¹⁸O-labelling with MS analysis has allowed the specific characterization of a new disulfide bond formed between B2M and GAPDH after initial oxidation of B2M. The formation of B2M- , LYSO- and CRP- cross-links to GAPDH was also confirmed by in-gel digestion LC-MS/MS analysis. In these cases, the peptides identified from the SDS-PAGE bands (assigned to the cross-linked species) were in accordance with those expected on the basis of the protein sequences (Table 1), with good sequence coverage obtained in most cases (LYSO 79.1%, B2M 69.7%, CRP 39.3%, GAPDH 60.4–64.0%). The modest sequence coverage obtained with CRP, though definitive for the presence of this protein, probably arises from the compact hydrophobic core formed between the two β-sheets of this protein which may limit access to cleavage sites for trypsin (or other proteases) in the CRP sequence [50].

We propose that the formation of the protein cross-links involving GAPDH detected in this study occurs via initial oxidation of the disulfide bond in the photo-oxidized proteins (i.e. aLA, LYSO, B2M,CRP) by ¹O₂ to give either a zwitterionic peroxide, or possibly a thiosulfinate. The former is believed to be more likely, as the generation of a thiosulfinate requires further reactions. Both zwitterionic peroxides and thiosulfinates appear to have lifetimes of up to several hours [22,23,25], though this is structure dependent [51]. The oxidation of the disulfide bond as a result of these photo-oxidation reactions has been confirmed in the current study for B2M where a marked time-dependent loss of the cross-linked peptide containing the disulfide bond was detected by MS analysis. The zwitterionic peroxide (or thiosulfinate) species then reacts with a thiol group present on another protein, in this case one of the Cys residues of GAPDH, to give a new inter-protein disulfide bond (Fig. 8).

Fig. 8.

Proposed reaction pathway that yields new disulfide cross-linked proteins from initial photo-oxidation with ¹O₂ and subsequent reaction with GAPDH. Disulfide-containing proteins (A) undergo photo-oxidation to form a zwitterionic peroxide species (B), which serves as a possible precursor to thiosulfinates (C). The zwitterionic peroxide or thiosulfinates can react subsequently with the thiol-containing protein GAPDH (D) to yield inter-protein cross-links (E). Pretreatment of GAPDH with the thiol-blocking reagent NEM inhibits protein cross-linking formation. The disulfide reducing reagents DTT or TCEP can, at least partly, reverse protein cross-link formation.
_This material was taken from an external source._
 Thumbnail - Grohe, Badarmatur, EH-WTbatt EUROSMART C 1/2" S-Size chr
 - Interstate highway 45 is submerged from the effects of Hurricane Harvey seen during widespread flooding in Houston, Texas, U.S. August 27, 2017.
Our previous studies on the reaction of peptides and proteins that contain disulfide bonds with oxidants (HOCl, ONOOH, H₂O₂, ¹O₂) have provided evidence for the incorporation of multiple oxygen atoms (as determined by the detection of a large series of ions with m/z increases of +16 in MS analyses) and for subsequent adduction of GSH (and other thiols) to peptide/protein-derived reactive intermediates [22,23,25]. Whilst some of the oxygen atom adduction is likely to occur at Met, His, Tyr and Trp residues (which are known targets for these oxidants [17,[52], [53], [54]]), data has also been obtained for oxygen atom addition at disulfide bonds to give intermediates that react with GSH [22,23,25]. The formation of these peptide-/protein-GSH adducts is (at least partially) reversible, and requires both the initial disulfide bond and an endogenous or added free thiol [22,23,25]. In the case of HOCl, ONOOH and H₂O₂, the intermediate species has been proposed to be a thiosulfinate [R–S(=O)–S-R’] species, whereas with ¹O₂, a zwitterionic peroxide [R–S⁺(OO⁻)-S-R’] may be the key species. The formation of such species has been reported previously in chemical systems [55,56].
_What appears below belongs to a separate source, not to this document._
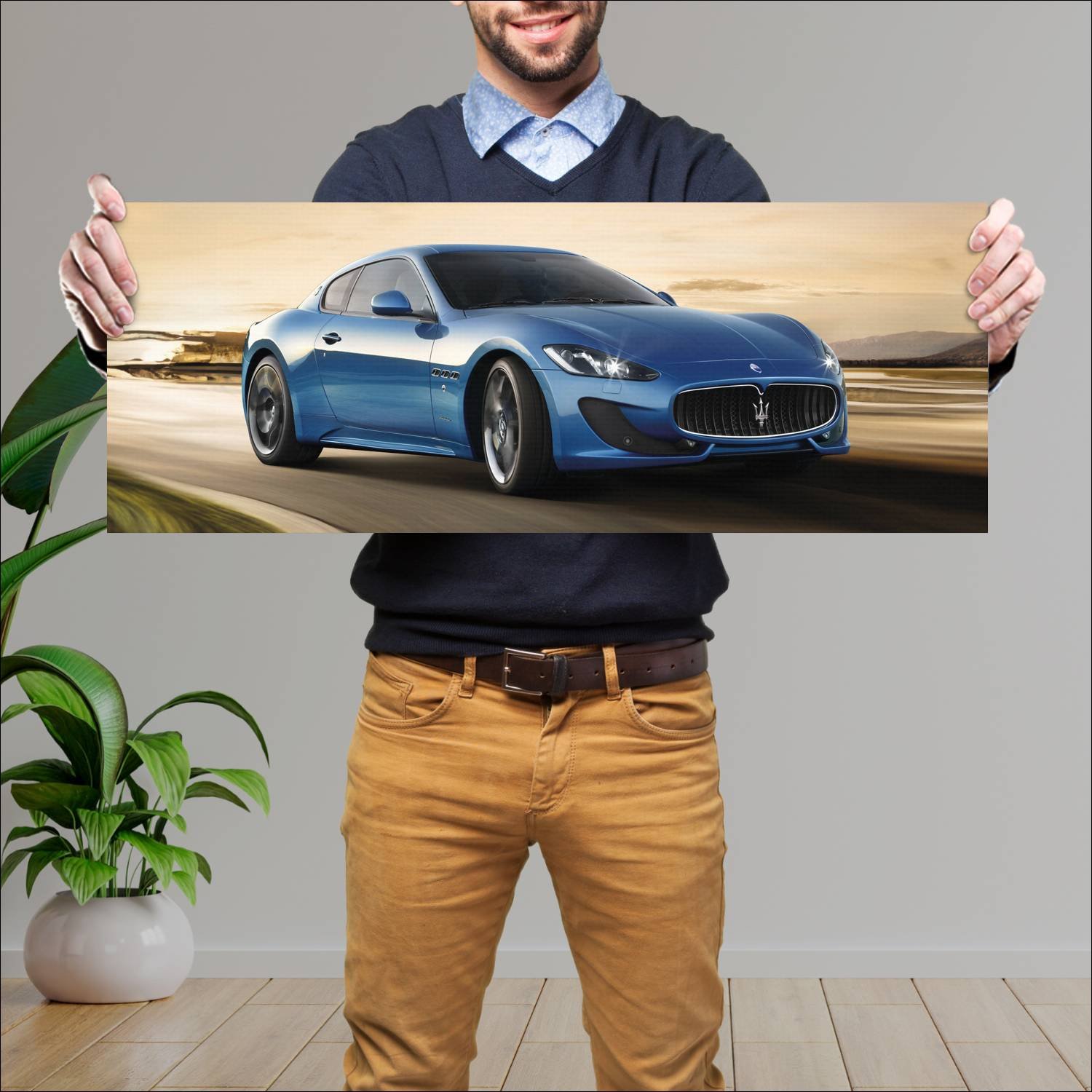 Cuadro grande 30x80cm 2012 maserati granturismo sp 196 Maserati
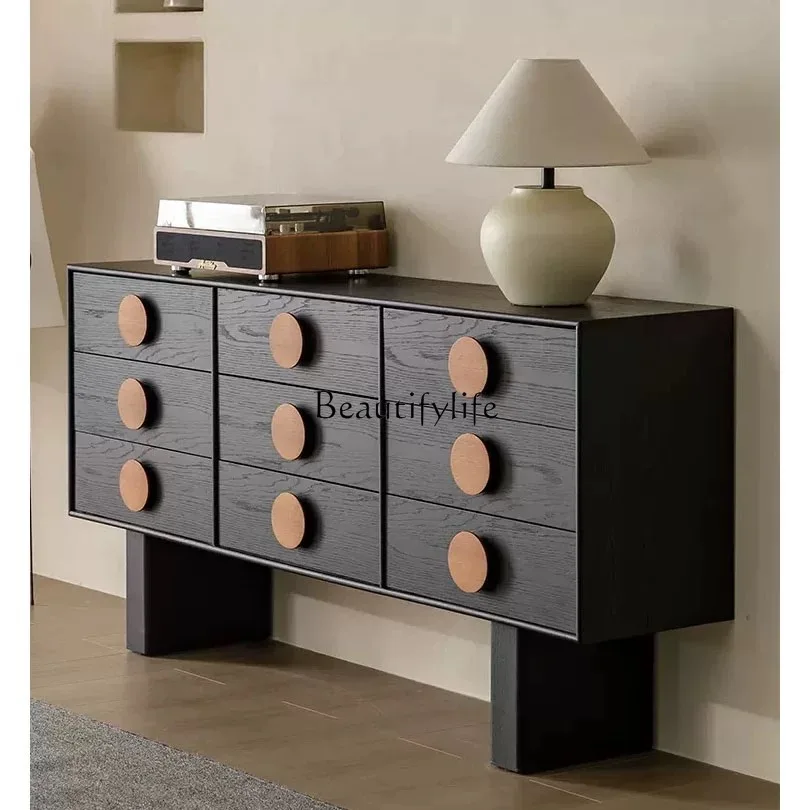 

Medieval solid wood nine chest cabinet living room French retro black storage side cabinet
The requirement for a free thiol on GAPDH for the formation of the new cross-link is illustrated by the experiments carried out with the thiol-blocking reagent NEM which significantly reduced the yield of each of the four protein-protein cross-links detected here (aLA-GAPDH, LYSO-GAPDH, B2M-GAPDH and CRP-GAPDH). Further evidence for a key role of the Cys residues on GAPDH in the formation of the B2M-GAPDH cross-links was obtained from the ¹⁸O MS analyses which identified two of the Cys residues on GAPDH (Cys149 and Cys244) as being directly involved in the cross-link, together with Cys25 from the former disulfide bond on B2M. Together these data provide strong evidence for a requirement for the initial disulfide bond, its oxidation to a reactive intermediate, and a free thiol on the second protein for the formation of the cross-links. As expected pre-treatment of the GAPDH with NEM also decreased the extent of the slow direct (control protein) thiol-disulfide exchange reaction detected between LYSO and GAPDH.

Incubation of the newly-formed inter-protein adducts with the disulfide reducing agents DTT and TCEP significantly reduced the yield of B2M-GAPDH cross-links, as detected by immunoblotting, consistent with the presence of a reducible inter-protein disulfide bonds. The extent of cross-link reduction was greater with TCEP than with DTT. This is in accord with previous reports of a greater efficiency in reduction by TCEP than DTT, at pH 7.5, although TCEP is a larger molecule, and for TCEP being significantly more effective in reducing surface-exposed protein disulfides [57,58]. Thus, the observed differences in reduction capacity of the protein cross-links between TCEP and DTT is likely to arise from both the reaction conditions as well as the location of new inter-protein disulfides.

Previous studies on the photo-oxidation of proteins, including some of those employed here (e.g LYSO), using Rose Bengal and other sensitizers, have provided evidence for the occurrence of both Type 1 and also Type 2 photochemistry (e.g. Refs. [40,41], reviewed [16,17,59]). The former process, which may be enhanced by sensitizer binding to the target protein [40], involves excited states formed on the sensitizer and subsequently the protein, and the generation of radicals from readily-oxidized sites such as tyrosine and tryptophan residues [16,17,59]. Some of these radicals undergo dimerization reactions to give di-tyrosine, di-tryptophan and tyrosine-tryptophan species [40,41]. However these species are typically of low yield, are not readily reversed by reducing agents such as TCEP and DTT (c.f. the reversal observed here) and require the two radicals to be present at the same time. As the GAPDH was added into these reaction systems after the cessation of illumination, no radicals should be present on this protein and therefore it is very unlikely that the cross-links involving GAPDH are formed via Type 1 photochemical processes and the generation of di-tyrosine, di-tryptophan, tyrosine-tryptophan or other carbon-carbon or carbon-heteroatom (e.g. iso-dityrosine) species. Such Type 1 processes may however account for some of the inter-molecular homo-dimeric cross-links detected on the photo-oxidized proteins (e.g. B2M-B2M, cf. data in Fig. 1A and B).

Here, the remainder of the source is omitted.